Getirilen bu yeni mekanik baykuşa göre daha büyük bir fark yaratıyor. Vahşi doğada yanınızda bir dostla avlanmak eski çağ temalı bir oyuna cuk oturmuş doğrusu. Ayı, kurt, kaplan ve porsuk gibi çeşit çeşit olan hayvanlar kendilerini üç ayrı özellikle (güç, hız, gizlilik) birbirinden ayırıyor. Gizlenerek giderken arada sırada fark edilmeleri dışında bir yapay zeka sıkıntısını görmediğim dostlarımızın bana en kullanışlı gelen yönü koruyucu kimlikleri oldu. Özellikle Oros’ta güneş battığı an ortalık yırtıcı hayvanlarla kaynıyor. Yanınıza güçlü bir hayvan aldığınız takdirde bu yırtıcı hayvanlar da dostunuzdan tırsıp tabanları yağlamayı tercih ediyor genellikle. Bazılarının üstüne binebilme imkanı da ulaşım açısından oldukça rahatlatıcı bir seçenek.

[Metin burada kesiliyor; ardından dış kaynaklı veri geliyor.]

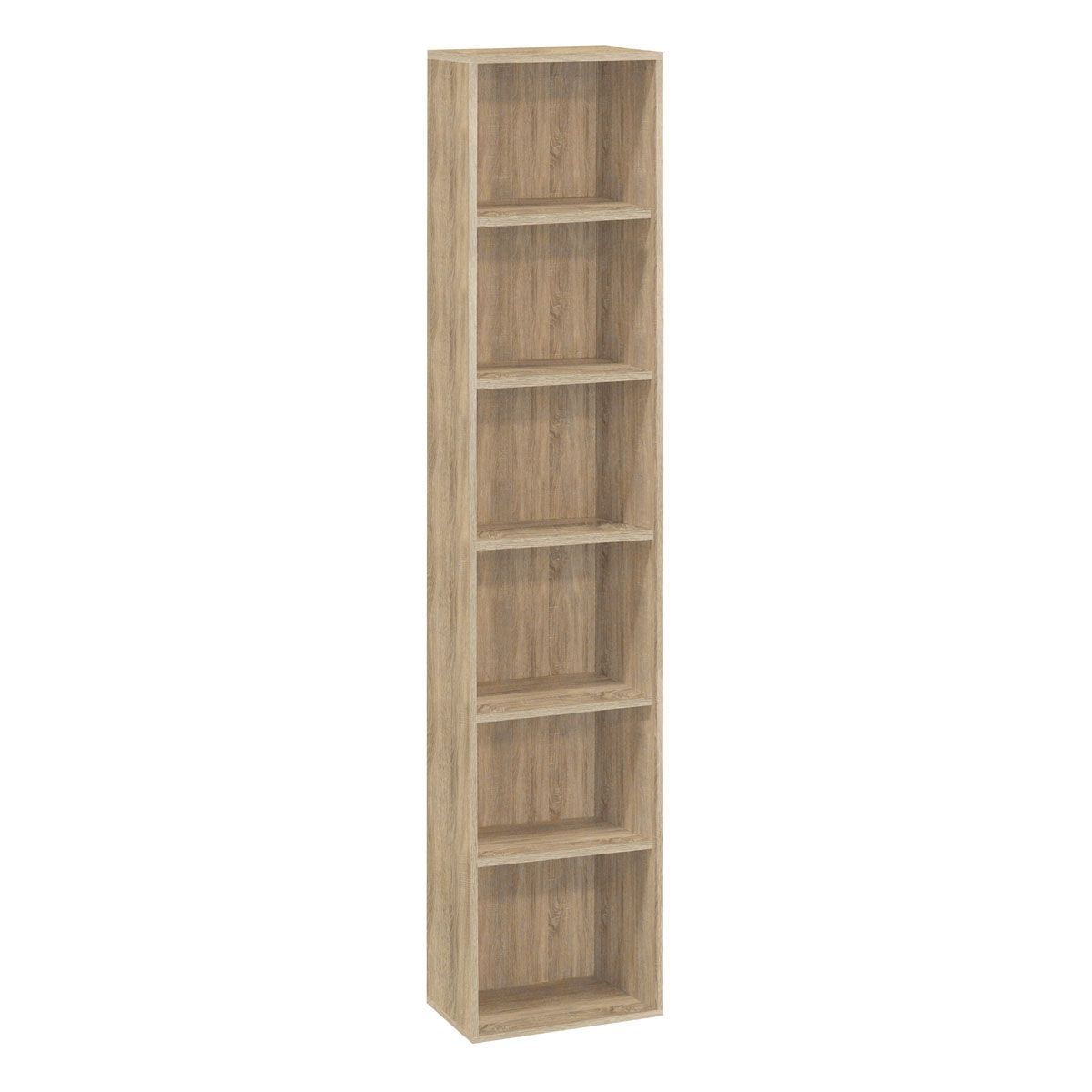 Mäusbacher Mister Office Aktenregal 41x215 cm | eiche sägerau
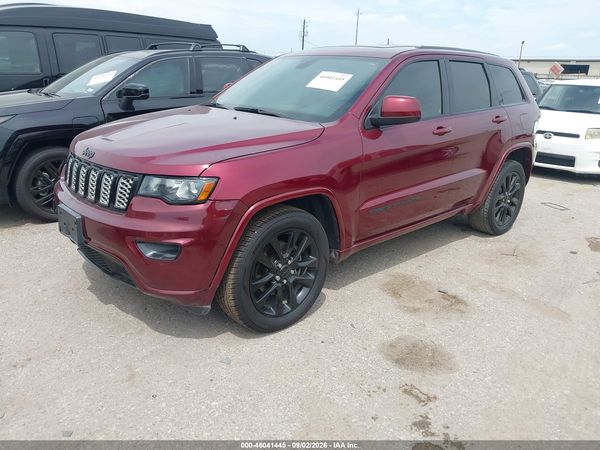 2017 JEEP GRAND CHEROKEE ALTITUDE 4X2
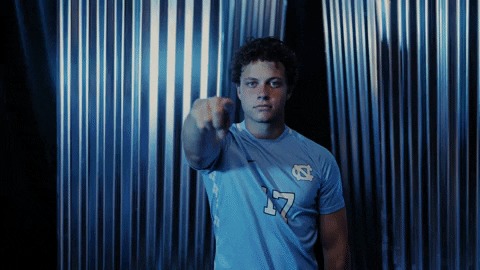 North Carolina Soccer GIF by UNC Tar Heels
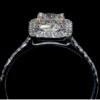 Juliette Verlobungsring Radiant Labor-Diamant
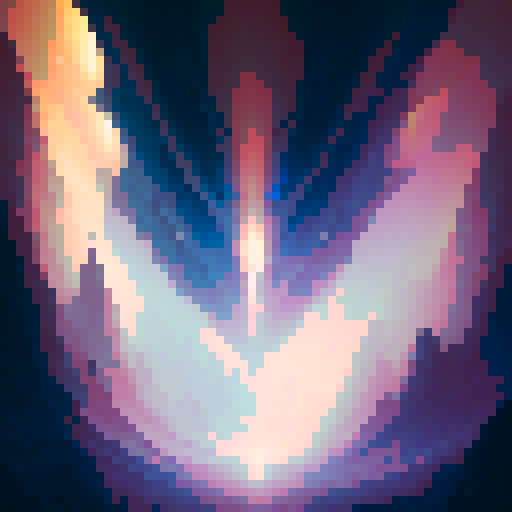 Cloud-bound airbender creates intricate swirls and curves with fluid movements, surrounded by misty atmosphere and a dreamlike art style.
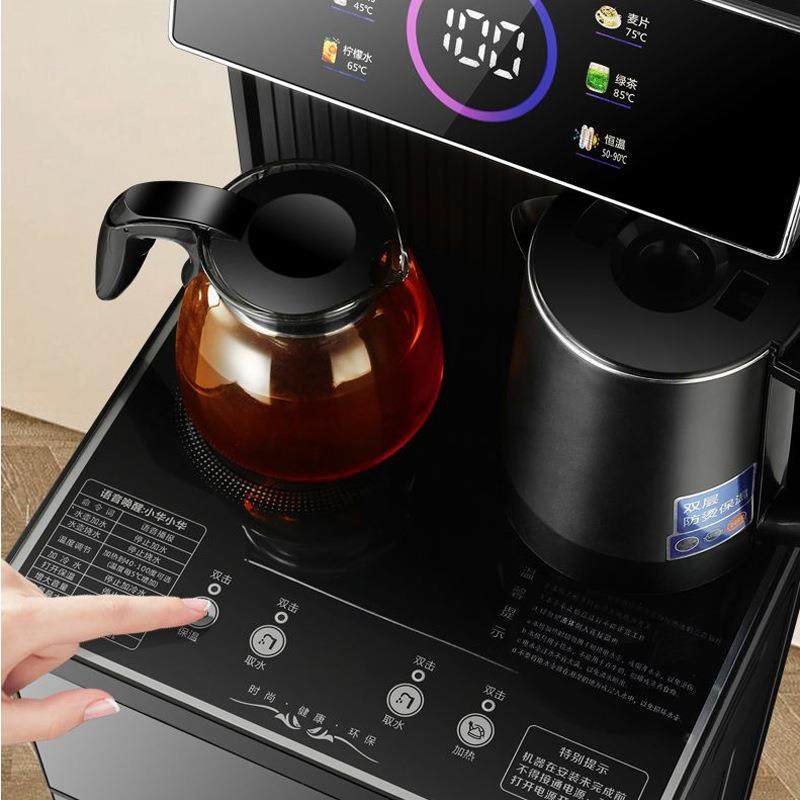 teabarmachine新款饮水机全自动遥控款茶吧机下置水桶家用,淘宝优惠券,粉丝福利购,淘宝优惠卷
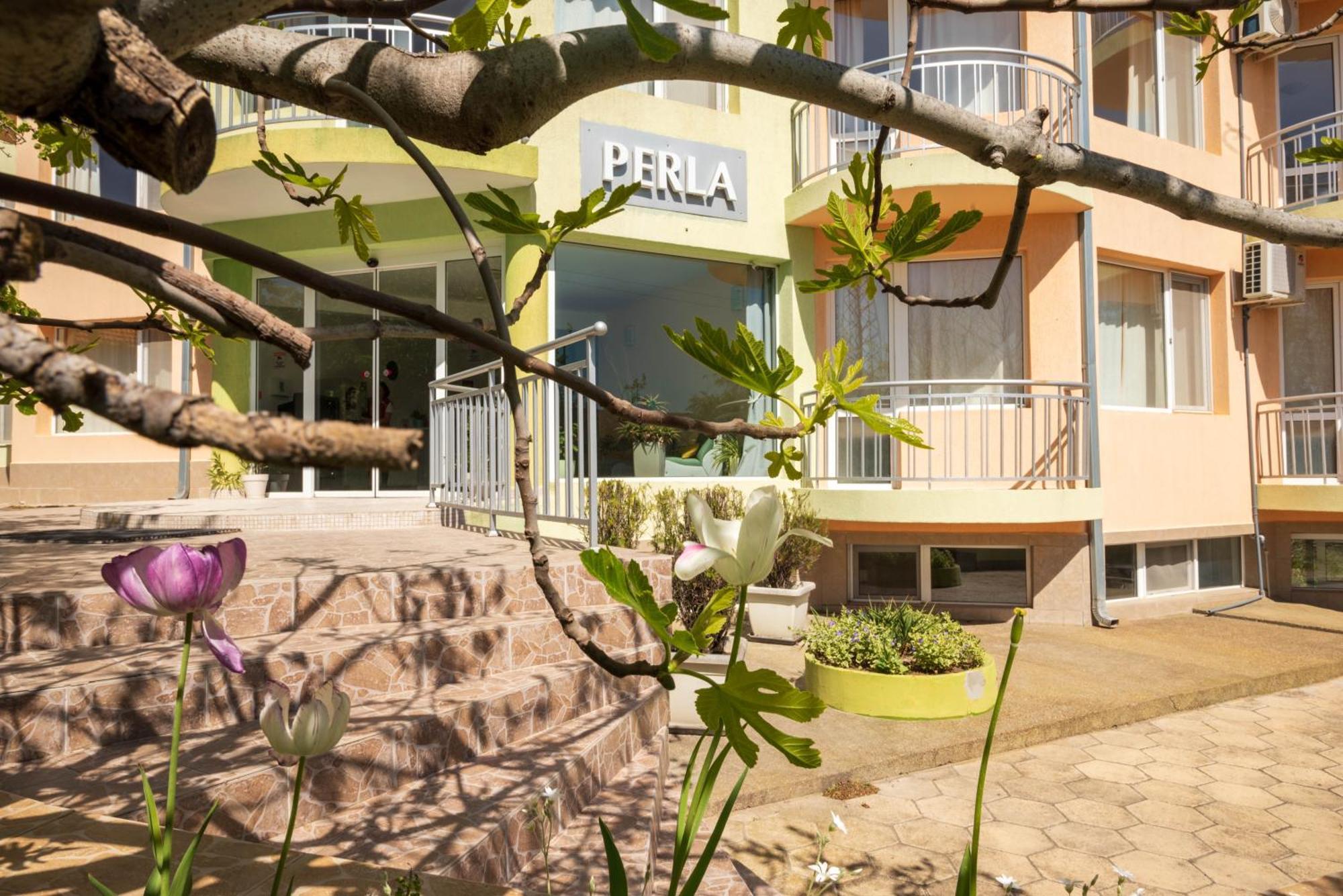 Perla Aparthotel Golden Sands Luaran gambar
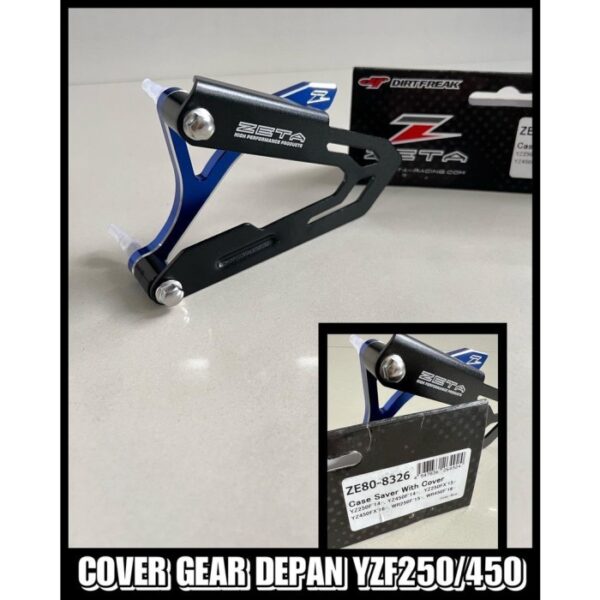 cover gear depan YZ250 F FX 2014 2022 Case Saver Zeta - ZE80-8326 - Gambar 4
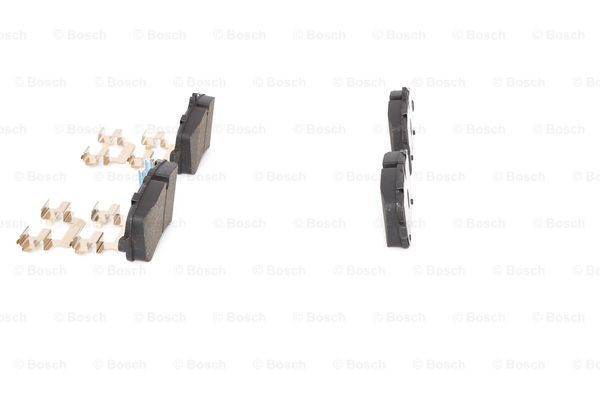 BOSCH Bremsbelagsatz, Scheibenbremse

Bana saatlerce yardım eden kaplanımdan bahsetmezsem içim rahat etmez. Bacaklarım ağrıdığında beni sırtında taşıması, dört bir yanım kurtla çevriliyken yardıma koşması, eli ağır bir abinin ellerinde hayata gözlerimi yumacakken yanarak ölme pahasına bile olsa imdadıma yetişmesi… Hakkı zor ödenir bir dostum oldu uzun saatler boyunca. Oros’taki hayatımı yaşanabilir kıldığı için kendisine bir kez daha teşekkürlerimi iletiyorum… Adam gibi adamdın sen…
Gerçi daha güçlüsünü bulduğum an da, hiç düşünmeden bir kenara atıverdim hayvanımı. Böyle de vefasız biriymişim demek.
Craft’ta Öze Dönüş
Far Cry serisinin bağımlılık yapan craft sistemini bilirsiniz herhalde. İşte bu sistem aynı şekilde Far Cry Primal’a da eklenmiş ve bu sefer doğru yerini bulmuş diyebiliriz. Yine toplanacak onlarca bitki, kesilecek onlarca hayvan Oros’un içinde Takkar’ı bekliyor. Kaynak maddeleri ve diğer gerekli şartları elde ettikten sonra üretebileceğimiz pek çok silah ve ekipman var. Her şeyi açabilmek için yine bolca zaman öldürmeniz gerekli.
Takkar’ı Sevmek, Oyunu Almak
Bir gıdım bile beklentimin olmadığı Far Cry Primal’da yeri geldi sırıta sırıta keçi avladım, yeri geldi bir mamutun ayakları altında ağlayarak can verdim. Sonuç olarak bu yapım bana oldukça keyifli saatler geçirtti. Kendinizi yepyeni, harika bir Far Cry tecrübesine hazırlamak gibi bir hataya düşmeyin sakın. Yaşattığı Taş Devri atmosferi ve harika dünyasıyla sizi hemen içine çekse de elinde yeterli derecede kart yok. Eğer daha fazla Far Cry’a hayır demezseniz ve oyunun geçtiği döneme biraz olsun ilgi gösteriyorsanız Primal sizi de tatmin edecektir.